Hand back, word for word, the lines from the one containing "What is the" to the end of the records, both included, and leave out pictures.

========

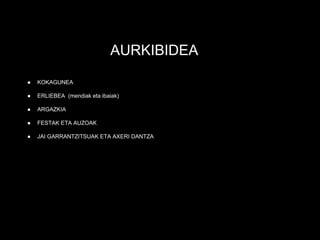 AURKIBIDEA
● KOKAGUNEA
● ERLIEBEA (mendiak eta ibaiak)
● ARGAZKIA
● FESTAK ETA AUZOAK
● JAI GARRANTZITSUAK ETA AXERI DANTZA
 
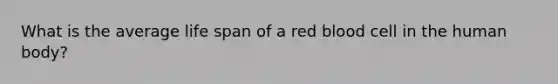 What is the average life span of a red blood cell in the human body?​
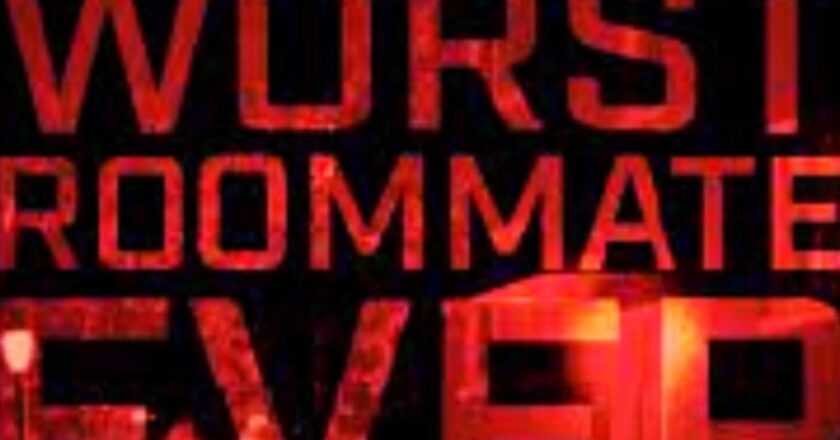 Worst Roommate Ever: Plot, Cast, Trailer and Release Date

========

## COMPLETED TASK
 What is the average life span of a red blood cell in the human body?​
 Worst Roommate Ever: Plot, Cast, Trailer and Release Date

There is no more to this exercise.